Collection entries
========
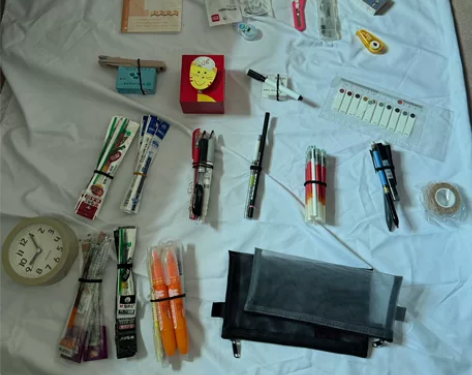 图上全部文具包括：晨光中性笔 荧光笔 笔芯...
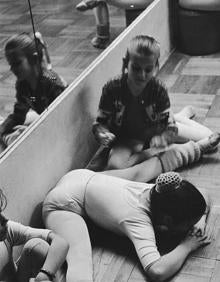 Imagen secundaria 2 - Vestida con el traje tradicional asturiano. En la otra imagen, en las clases de ballet de la desaparecida Marisa Fanjul.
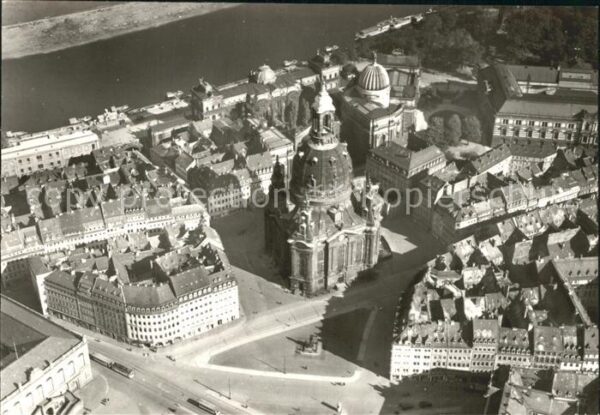 Dresden Fliegeraufnahme Frauenkirche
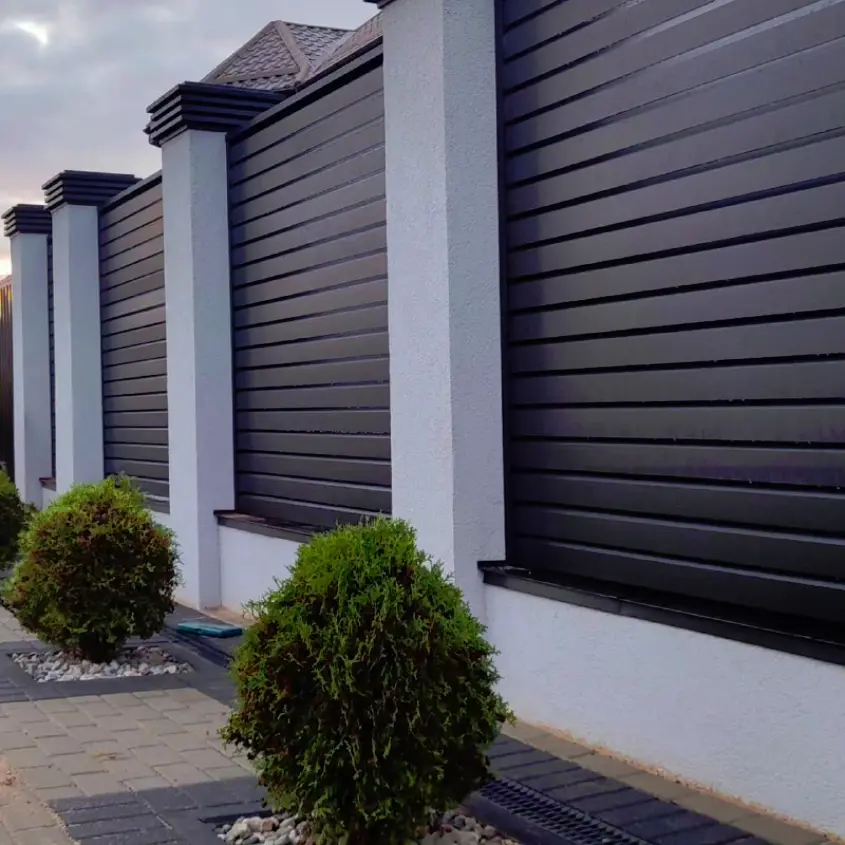 Фото 2 ламели ХайТек RAL9005 МАТТЕ матовый Черный на заборе жалюзи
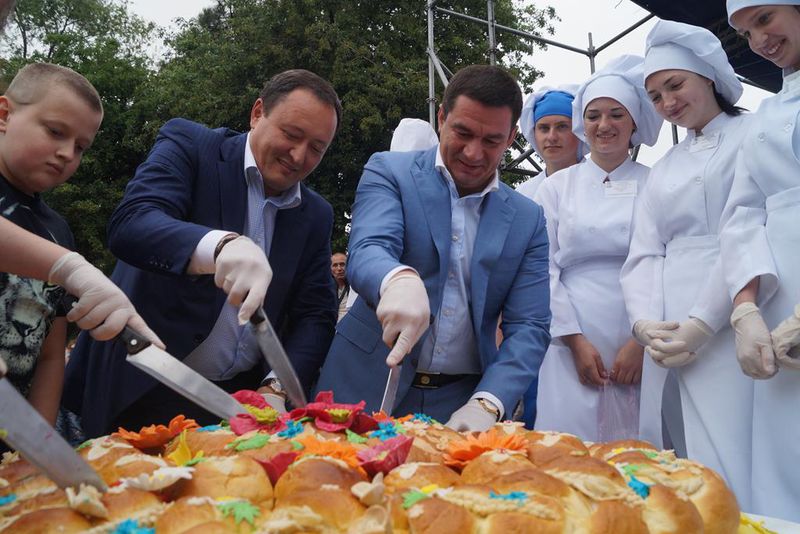 День захисту дітей запоріжці завершили короваєм та «кульками бажань»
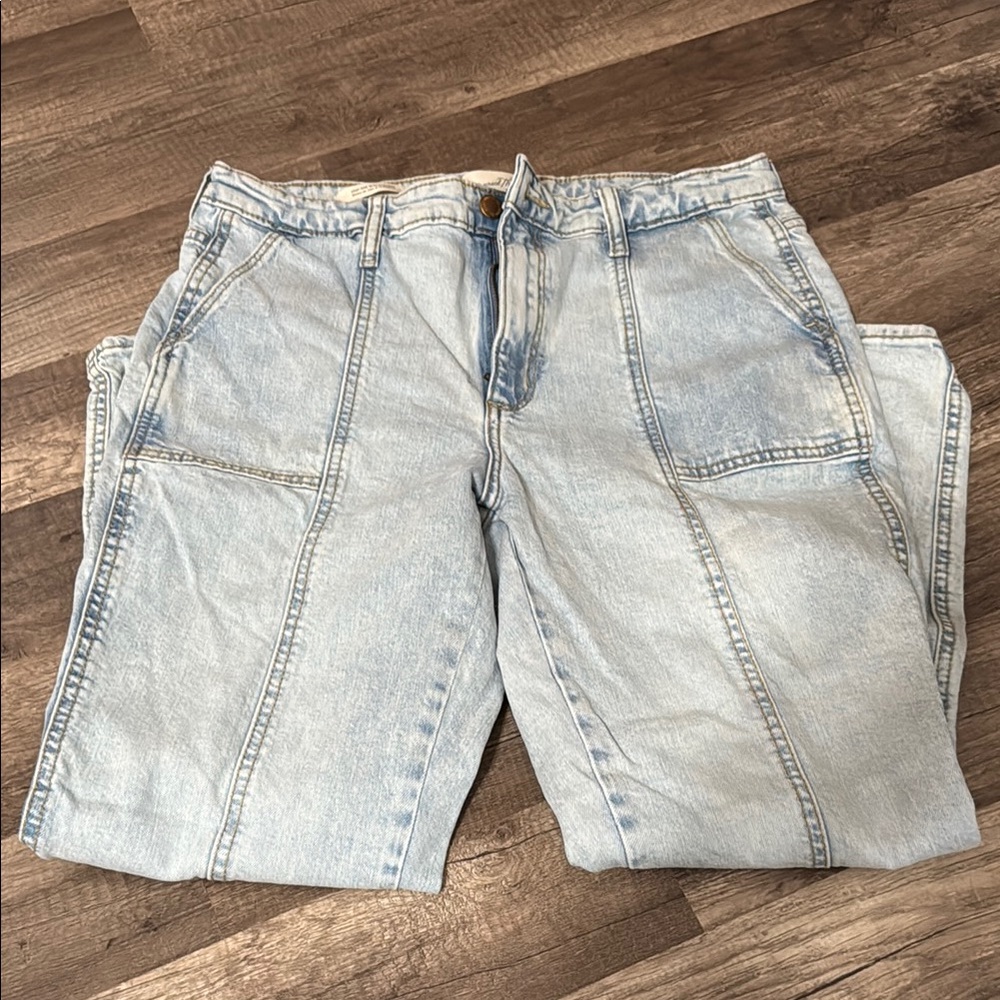 Light High Rise Slim Straight Jeans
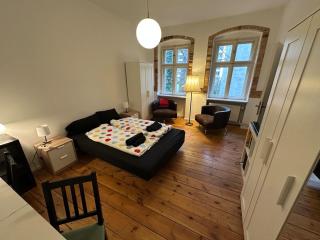 Typical Altbau in the heart of Berlin Wedding - Berlino - 0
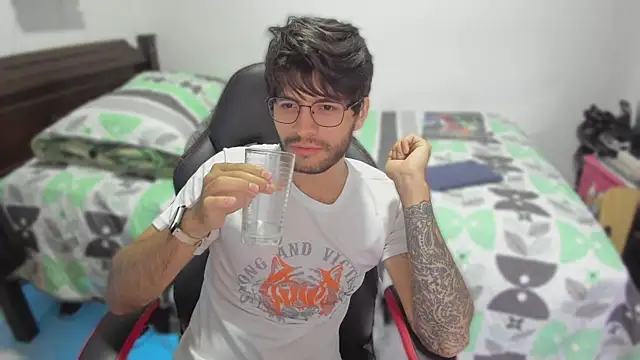 justin stark7 online show from 26, 2, 2025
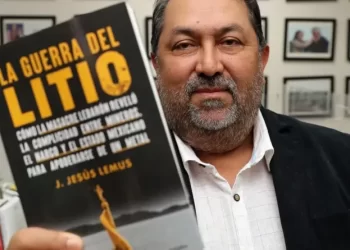 Detienen a 3 menores de edad por asaltar a transeúnte; utilizan un machete para amenazarlo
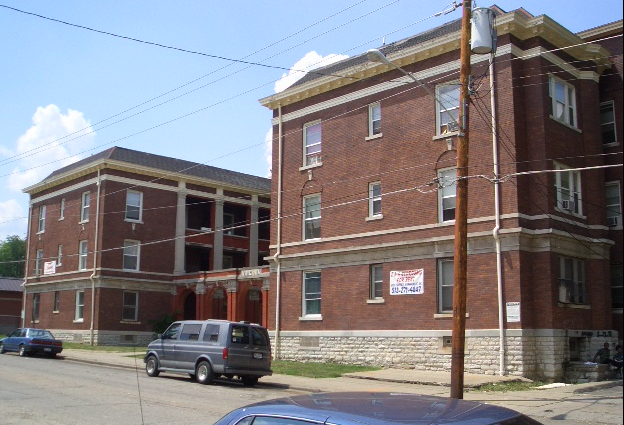 624-630 Rockdale Ave in Cincinnati, OH - Foto de edificio - Building Photo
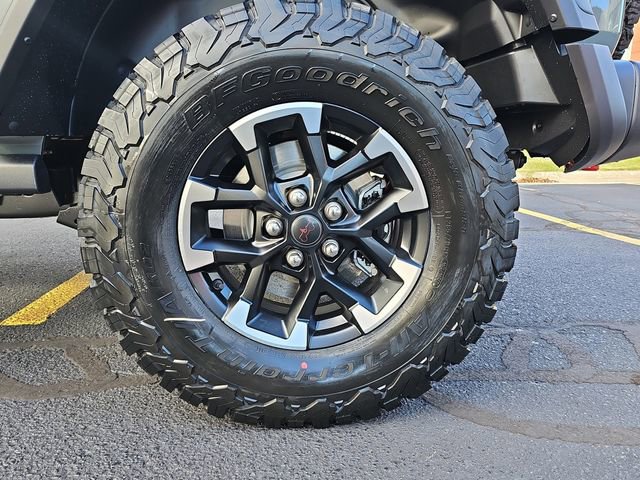 New 2026 Jeep Wrangler Unlimited Rubicon w/ Safety Group image 32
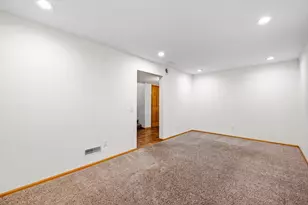 952 Moonlight Dr, Woodbury, MN 55125 - Photo 16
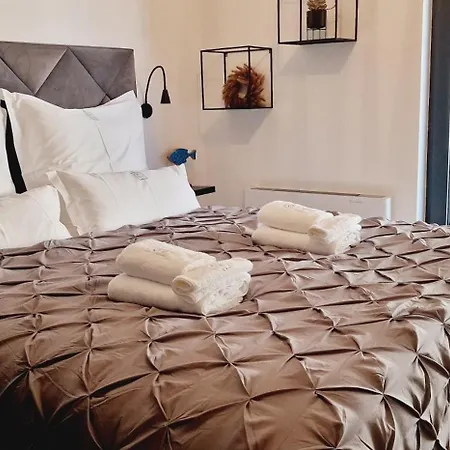 Qvarnero No18- Luxury With Swimming Pool, Private Sauna And Jacuzzi Apartment *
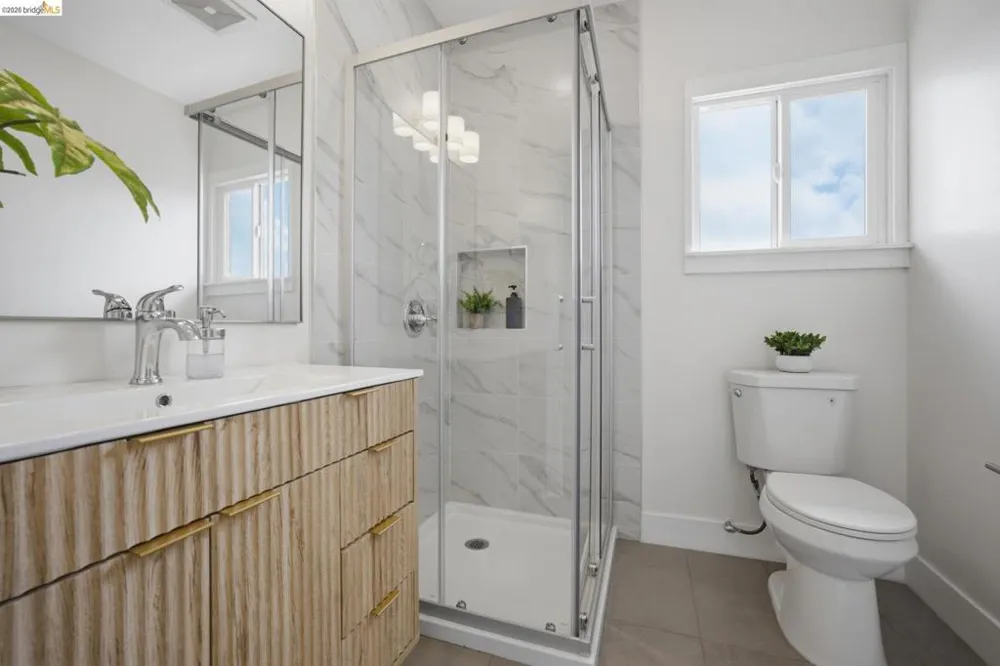 4207 Carrington St Oakland, CA 94601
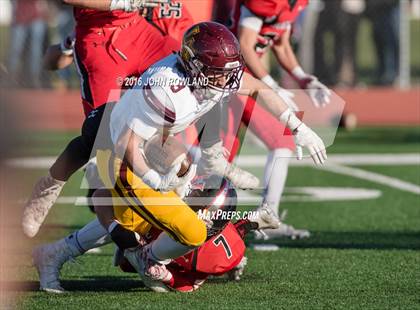 Thumbnail 3 in Loyola Academy vs. Huntley (IHSA Class 8A Quarterfinal) photogallery.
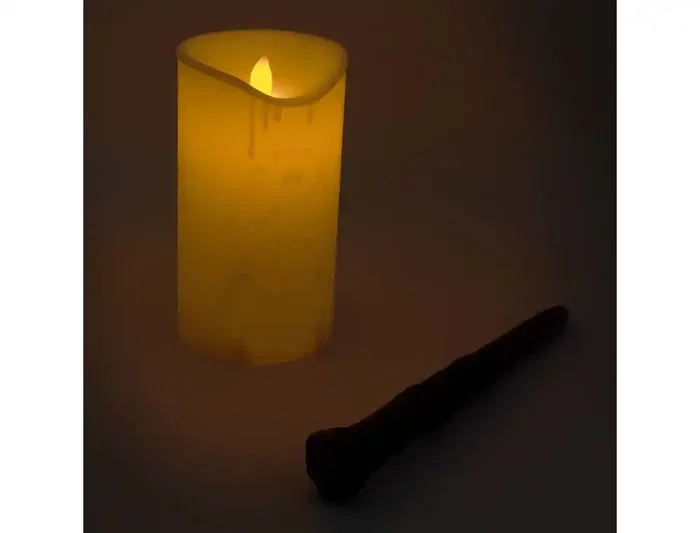 Wondee - Lámpara Harry Potter con Varita Mágica, Luz de Vela que se Enciende/Apaga con Movimiento, Decoración Hogwarts con Escudo, para Colección o Dormitorio Wondee - Lámpara Harry Potter con Varita Mágica, Luz de Vela que se Enciende/Apaga con Movimiento, Decoración Hogwarts con Escudo, para Colección o Dormitorio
========
EXERCISE REQUIREMENTS => Please print an exact copy of the records, with no pictures.

RESULT =>
 图上全部文具包括：晨光中性笔 荧光笔 笔芯...
 Imagen secundaria 2 - Vestida con el traje tradicional asturiano. En la otra imagen, en las clases de ballet de la desaparecida Marisa Fanjul.
 Dresden Fliegeraufnahme Frauenkirche
 Фото 2 ламели ХайТек RAL9005 МАТТЕ матовый Черный на заборе жалюзи
 День захисту дітей запоріжці завершили короваєм та «кульками бажань»
 Light High Rise Slim Straight Jeans
 Typical Altbau in the heart of Berlin Wedding - Berlino - 0
 justin stark7 online show from 26, 2, 2025
 Detienen a 3 menores de edad por asaltar a transeúnte; utilizan un machete para amenazarlo
 624-630 Rockdale Ave in Cincinnati, OH - Foto de edificio - Building Photo
 New 2026 Jeep Wrangler Unlimited Rubicon w/ Safety Group image 32
 952 Moonlight Dr, Woodbury, MN 55125 - Photo 16
 Qvarnero No18- Luxury With Swimming Pool, Private Sauna And Jacuzzi Apartment *
 4207 Carrington St Oakland, CA 94601
 Thumbnail 3 in Loyola Academy vs. Huntley (IHSA Class 8A Quarterfinal) photogallery.
 Wondee - Lámpara Harry Potter con Varita Mágica, Luz de Vela que se Enciende/Apaga con Movimiento, Decoración Hogwarts con Escudo, para Colección o Dormitorio Wondee - Lámpara Harry Potter con Varita Mágica, Luz de Vela que se Enciende/Apaga con Movimiento, Decoración Hogwarts con Escudo, para Colección o Dormitorio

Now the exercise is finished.